Order. No, it isn’t. It is the Foreign Secretary’s Select Committee.
Thank you, Mr Speaker, for calling me this evening. As has already been—
As has been spelled out by my hon. Friend the Member for Swansea West (Geraint Davies), the economy has shrunk by 15% since June, and that cannot be ignored. Labour Members did not talk about economic cliff edges, but we did talk about the impact that leaving the European Union would have, and that has, of course, escalated, with the Prime Minister’s call to leave the single market and the customs union now weighing heavily on our economy. The pound fell to £1.14 against the euro and £1.22 against the dollar this weekend, and it is down 12% against the euro and 20% against the dollar since June, showing just how fragile our economy is—it is not an economy in recovery. And before someone pipes up about how well FTSE 100 companies are faring, I would remind them that that is due to the strength of the trade in dollars, not sterling.
All that means that our nation is poorer, so the lack of attention in the Budget to building economic resilience was really quite astounding. I believe everyone voted last June with a legitimate aim: to see a better country. They put their trust in this sovereign Parliament to deliver that, but they are being badly let down. Half the country voted to achieve that aim by staying in the EU, and half voted to achieve it by leaving the EU, but no one talked about leaving the single market or the customs union. Of course, that is now impacting, with the increase in food and fuel prices really hitting the people in our constituencies on the front line—the consumers—who can least afford it. No one voted to become poorer, but people will have £21 less a week to spend as a result of the Government’s economic failing, with wages dropping below the level before 2007 and the economic crash.
Businesses in my constituency are also seriously challenged, even with the tweaking of our business rates, because the extortionate, over-inflated rents they pay on their properties are pushing up business rates. The sticking plasters do not go far enough to address these issues.
This is not a story of economic recovery. As we look at the £1.5 trillion of personal debt burdening people across our country, and at the national debt of £1.7 trillion, we no longer hear those calls from the Government Benches about confidence in the long-term economic plan, because we have long-term economic incompetence, and the eerie silence is echoing not just in this Chamber but throughout our land.

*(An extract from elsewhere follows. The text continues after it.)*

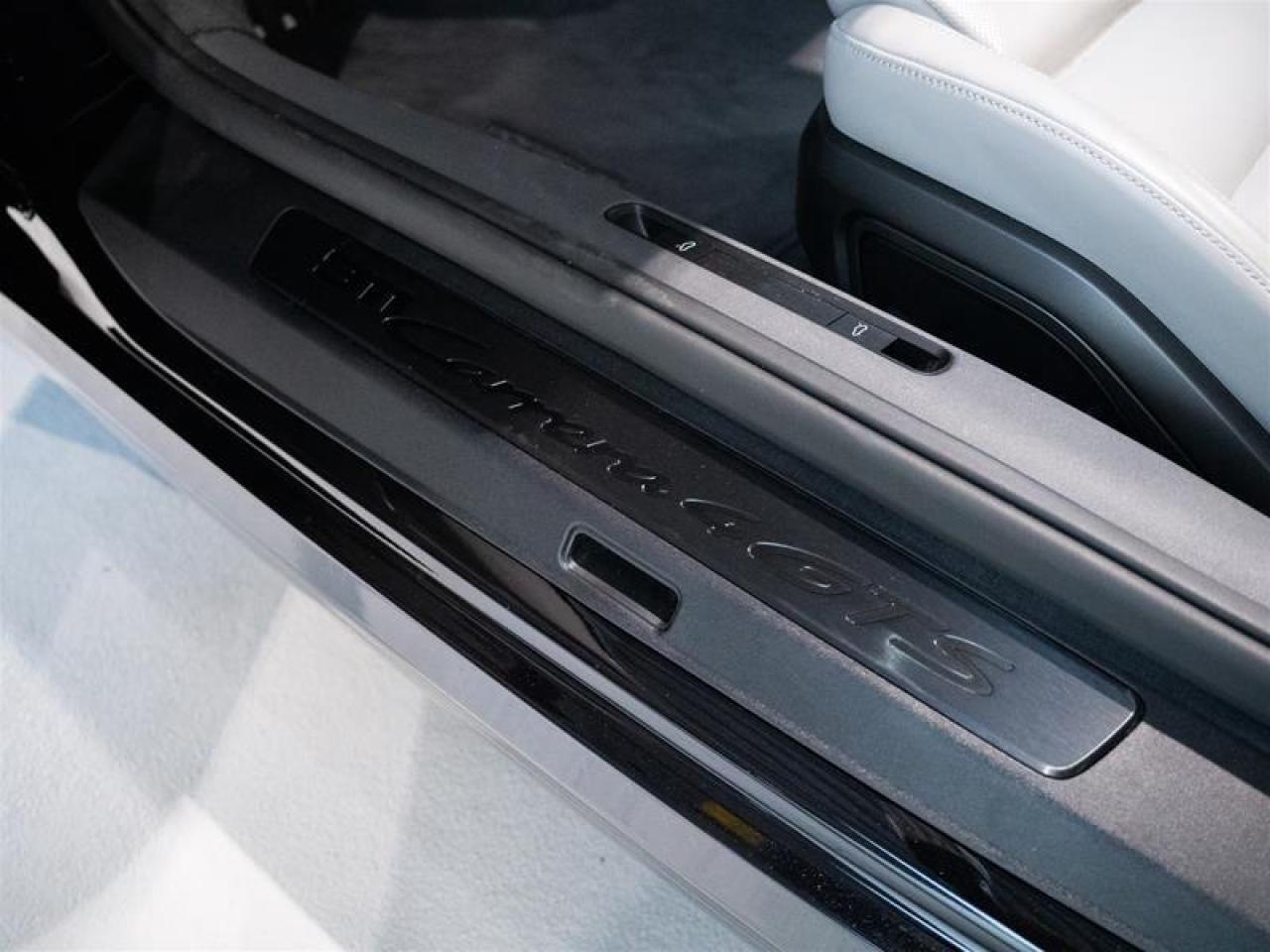 2023 Porsche 911 Carrera 4 GTS Cabriolet Photo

My concern is this: the Prime Minister has made her decision—hers alone—about what future we will have. We will be pulling out of the single market and the customs union—a hard Brexit, not a people’s Brexit—and that is destabilising our economy further. When we reach the end of this period of negotiation, and we judge the Prime Minister against her Lancaster House objectives, I think we all know what the truth will be: she will have failed.
What did not come forward in the Budget? There was nothing on how the Government are going to mitigate economic risks such as the loss of jobs, businesses going overseas, the fall in the pound and the shrinking of our public services. When will the Government seriously say, “Stop. We have had enough. We need to put people’s interests and the economy at the forefront of these negotiations”? We need to shift the negotiation priorities to stabilise the market, recognise the benefit of the single market—I will be the first to say it should be reformed—and make sure we are part of the customs union.
Economic competence is about showing that risk can be mitigated and managed—something the Chancellor failed to do last week. Before triggering article 50, I trust that the Government, perhaps even in their response today, will set out how they will respond to that risk.